Domestic team information
- 1991: Durham
- 1987–1988: Sussex

Career statistics
| Competition | First-class | List A |
| Matches | 20 | 4 |
| Runs scored | 186 | 11 |
| Batting average | 10.94 | – |
| 100s/50s | –/– | –/– |
| Top score | 26 | 6* |
| Balls bowled | 2,066 | 132 |
| Wickets | 22 | 5 |
| Bowling average | 48.59 | 18.20 |
| 5 wickets in innings | – | – |
| 10 wickets in match | – | – |
| Best bowling | 3/33 | 2/12 |
| Catches/stumpings | 3/– | 1/– |
- Source: Cricinfo, 1 January 2012

= Peter Heseltine =

English cricketer

Peter Anthony William Heseltine (born 5 April 1965) is a former English cricketer. Heseltine was a right-handed batsman who bowled right-arm off break. He was born at Barnsley, Yorkshire.

Heseltine made his first-class debut for Sussex against the touring Pakistanis in 1987. He made nineteen further first-class appearances for the county, the last of which came against Surrey in the 1988 County Championship.
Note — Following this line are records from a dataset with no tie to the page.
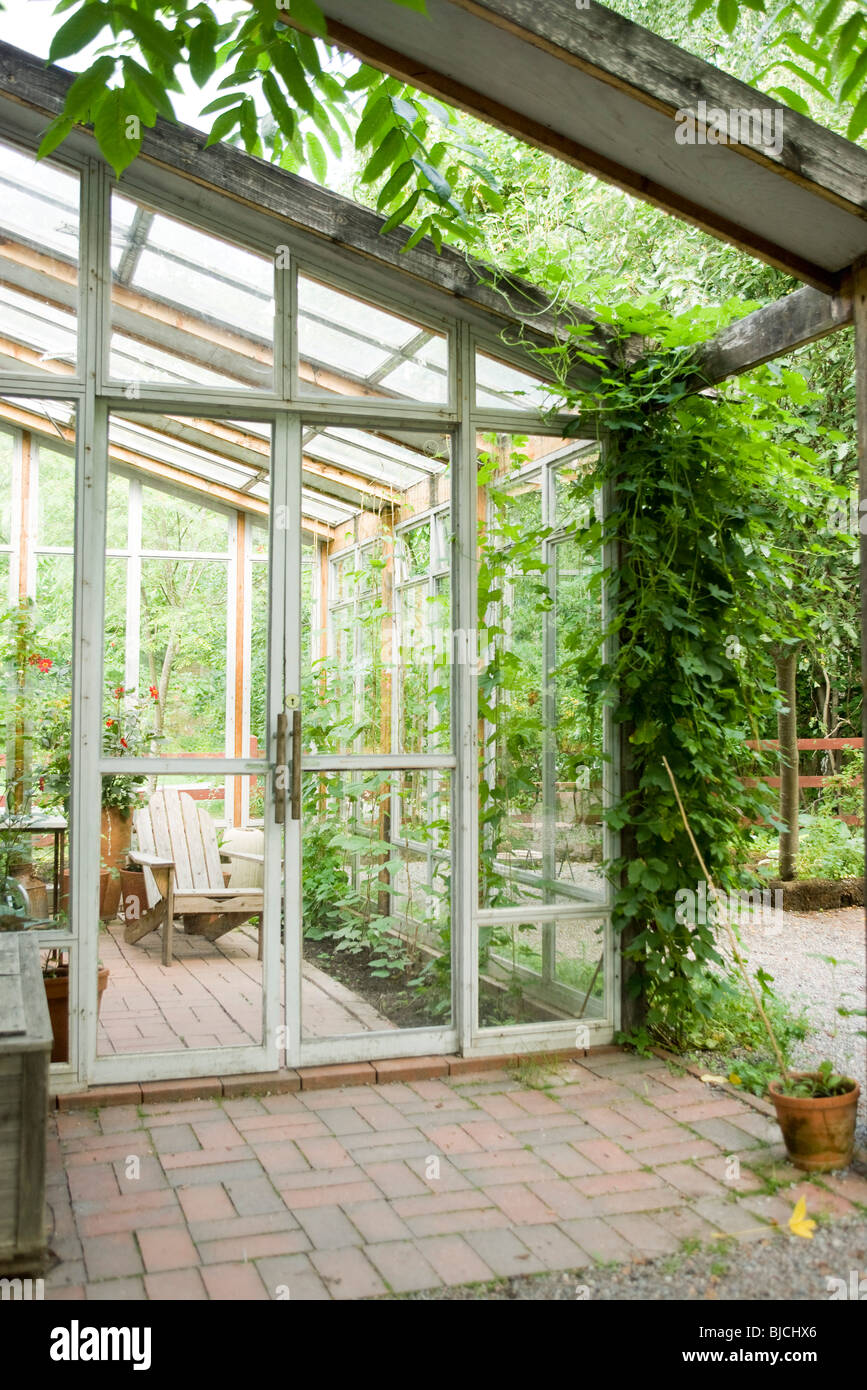 Trellis shaded terrace in front of greenhouse Stock Photo Alamy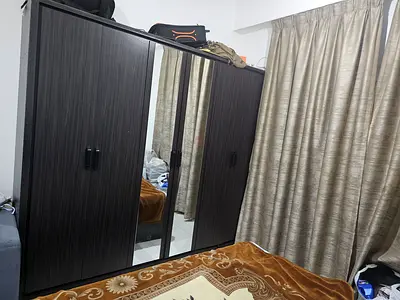 Dark wood 4-door wardrobe with center mirror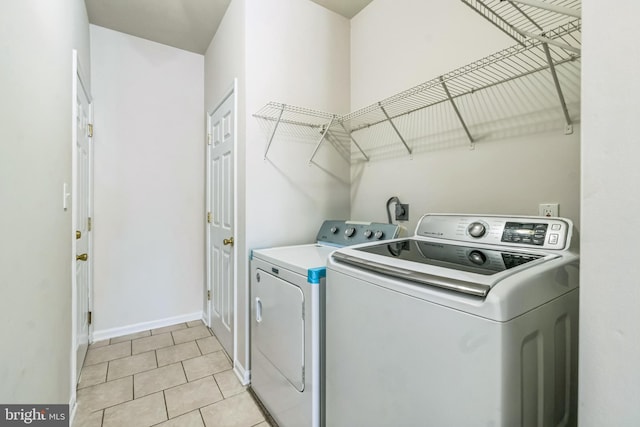 washroom featuring washer and clothes dryer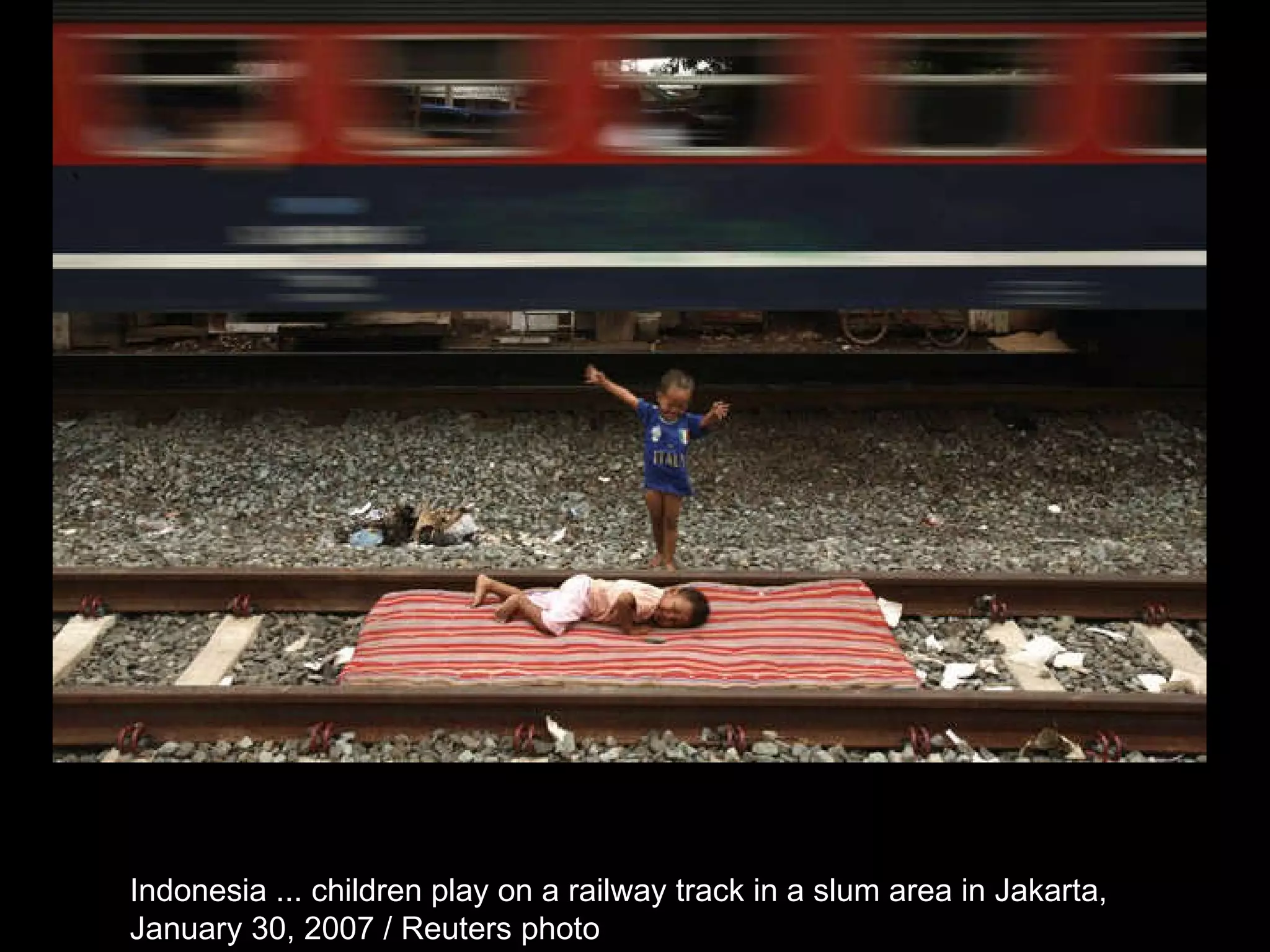 Indonesia ... children play on a railway track in a slum area in Jakarta,  January 30, 2007 / Reuters photo  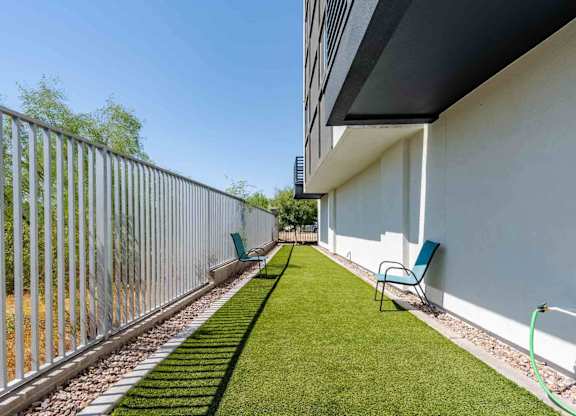 our apartments have a private patio with chairs and a dog park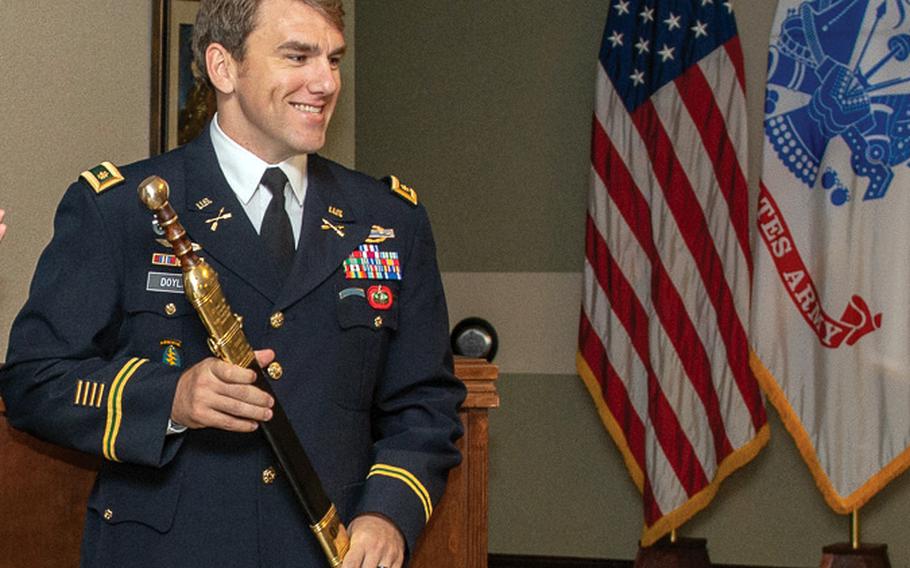 Maj. William J. Doyle receiving the Lt. Col. Ronald C. Ward Distinguished Special Operations Forces Student Award for the Command and General Staff Officer Course class of 2018 in a ceremony at Fort Leavenworth, Kan. As a captain, Doyle was instrumental in a brutal fight to retake an al-Shabab stronghold in Somalia in 2015, for which he was awarded the Silver Star.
In his twenty first-class appearances, he took 22 wickets at an average of 48.59, with best figures of 3/33. With the bat, he scored a total of 186 runs at a batting average of 10.94, with a high score of 26. He made three List A appearances for Sussex during the course of the 1987 season, twice against Surrey and once against Northamptonshire. He took four wickets in his three List A matches for the county, which came at an average of 13.50, with best figures of 2/12. He left Sussex at the end of the 1988 season.

He later joined Durham in 1991, playing a single List A match against Glamorgan in the NatWest Trophy, in which he took the wicket of Ravi Shastri, to finish with figures of 1/37 from 12 overs in Glamorgan's total of 345/2. In Durham's innings of 305/9, he ended the innings unbeaten on 5 runs, with Glamorgan winning by 40 runs. He also played a single Minor Counties Championship match that season against Staffordshire. Durham gained first-class status and were admitted to the County Championship for the 1992 season, though Heseltine wasn't retained by Durham.

His brother, Phillip, has also played first-class cricket.